Desde o fim de 2019, quando soubemos do primeiro caso de infecção por covid-19, na China, todas as comunidades do mundo estão tendo que lidar com a maior emergência de saúde pública dos últimos tempos, a pandemia do novo coronavírus.

Os fenômenos de pandemia trazem consigo não só as preocupações sobre o aspecto físico, mas também inquietações e transtornos em Saúde Mental, pois afeta diretamente nosso aspecto psicológico e social. O que vivemos nesses últimos meses se tornou traumático, devido à potência do vírus e à toda falta de conhecimento a respeito dele. Não tínhamos estrutura para lidar com o caos e, por isso, estivemos vivenciando cenas fortes, como se tivéssemos em um verdadeiro campo de guerra.

Além da população em geral, algumas classes de pessoas foram afetadas diretamente, como os profissionais da saúde e do comércio, de transporte, limpeza e segurança pública. Os riscos e experiências estressoras da população e desses profissionais que foram mais afetados promoveram um aumento no trabalho entre os profissionais de Saúde Mental, especialmente aos psicólogos e psiquiatras. Cuidar da Saúde Mental não é uma questão simples e objetiva, implica muita dedicação e autocontrole, pois lida com os aspectos subjetivos e abstratos de cada pessoa, além das variáveis que os rodeiam.

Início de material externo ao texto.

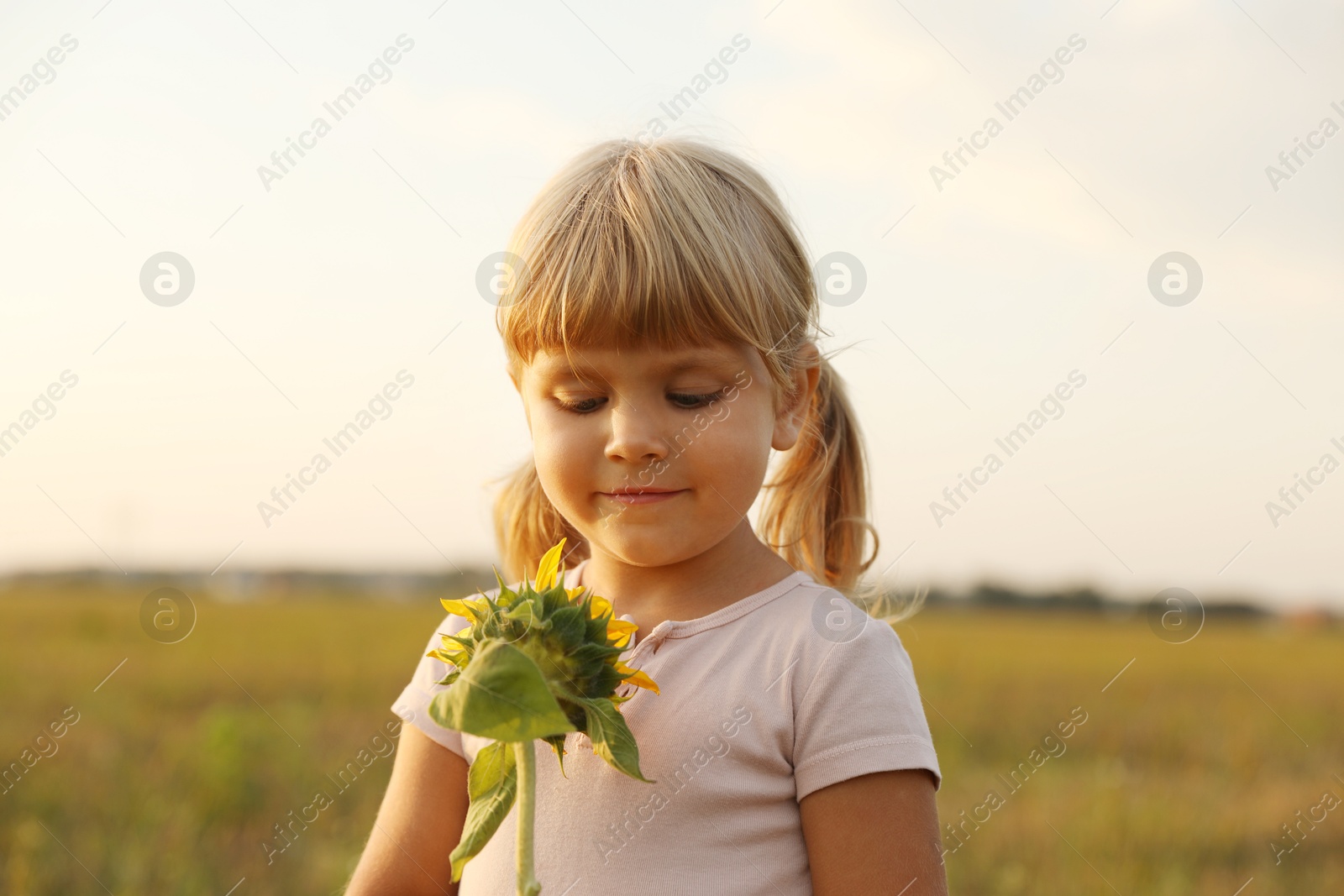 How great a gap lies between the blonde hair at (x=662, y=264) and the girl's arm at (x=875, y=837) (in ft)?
2.23

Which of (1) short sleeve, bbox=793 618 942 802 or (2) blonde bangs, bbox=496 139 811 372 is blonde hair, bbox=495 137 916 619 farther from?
(1) short sleeve, bbox=793 618 942 802

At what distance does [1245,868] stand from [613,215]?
16.0 feet

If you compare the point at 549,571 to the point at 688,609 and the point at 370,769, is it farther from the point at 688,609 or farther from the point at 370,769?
the point at 370,769

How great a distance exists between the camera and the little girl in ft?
5.77

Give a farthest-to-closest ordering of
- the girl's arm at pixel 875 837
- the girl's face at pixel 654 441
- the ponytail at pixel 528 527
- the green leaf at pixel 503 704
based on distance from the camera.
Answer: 1. the ponytail at pixel 528 527
2. the girl's face at pixel 654 441
3. the girl's arm at pixel 875 837
4. the green leaf at pixel 503 704

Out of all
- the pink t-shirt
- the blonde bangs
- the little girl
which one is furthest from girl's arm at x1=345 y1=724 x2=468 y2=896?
the blonde bangs

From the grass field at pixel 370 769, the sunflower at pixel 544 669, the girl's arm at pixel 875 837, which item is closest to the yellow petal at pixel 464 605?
the sunflower at pixel 544 669

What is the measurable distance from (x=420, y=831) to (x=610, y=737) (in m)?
0.88

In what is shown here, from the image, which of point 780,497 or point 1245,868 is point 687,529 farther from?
point 1245,868

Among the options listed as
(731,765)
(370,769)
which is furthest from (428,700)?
(370,769)

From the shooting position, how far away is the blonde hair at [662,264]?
183 centimetres

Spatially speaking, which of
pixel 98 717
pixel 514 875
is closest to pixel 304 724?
pixel 98 717

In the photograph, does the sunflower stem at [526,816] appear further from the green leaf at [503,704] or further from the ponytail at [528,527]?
the ponytail at [528,527]

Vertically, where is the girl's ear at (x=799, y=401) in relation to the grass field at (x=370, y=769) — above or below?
above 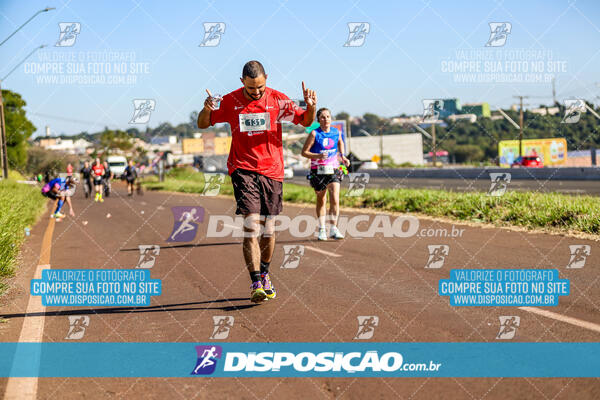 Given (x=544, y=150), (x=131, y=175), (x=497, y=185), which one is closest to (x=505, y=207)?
(x=497, y=185)

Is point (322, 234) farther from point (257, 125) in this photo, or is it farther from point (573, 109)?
point (573, 109)

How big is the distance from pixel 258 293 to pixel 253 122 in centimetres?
155

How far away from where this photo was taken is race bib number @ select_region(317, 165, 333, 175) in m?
10.7

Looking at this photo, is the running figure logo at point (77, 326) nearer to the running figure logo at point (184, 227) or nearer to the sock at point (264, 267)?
the sock at point (264, 267)

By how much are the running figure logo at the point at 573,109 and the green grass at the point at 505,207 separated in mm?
2258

Como expôs Steven Taylor, em seu artigo sobre a Psicologia da Pandemia, os profissionais que atuam na linha de frente sentem “risco aumentado de ser infectado, adoecer e morrer; possibilidade de inadvertidamente infectar outras pessoas; sobrecarga e fadiga; exposição a mortes em larga escala; frustração por não conseguir salvar vidas, apesar dos esforços; ameaças e agressões propriamente ditas, perpetradas por pessoas que buscam atendimento e não podem ser acolhidas pela limitação de recursos; e afastamento da família e amigos”, por terem de enfrentar toda essa carga emocional, precisam ter atenção psicológica de forma regular.

Diante do cenário de guerra que a população enfrenta, os principais transtornos e sintomas apresentados por médicos e enfermeiros são ansiedade, depressão, estresse, insônia e irritabilidade. Tais demandas psicológicas são tratadas por psicólogos que atuam em distintas áreas, com abordagens teóricas variadas. A população mundial demanda atenção psicológica de forma expressiva, e quem os atende? Quem cuida da pandemia de transtornos psicológicos que surgiu junto com a pandemia da covid-19? Como estão os psicólogos diante dessa pandemia de transtornos mentais? A Saúde Mental dos psicólogos também é afetada e precisa ser assistida, cuidada.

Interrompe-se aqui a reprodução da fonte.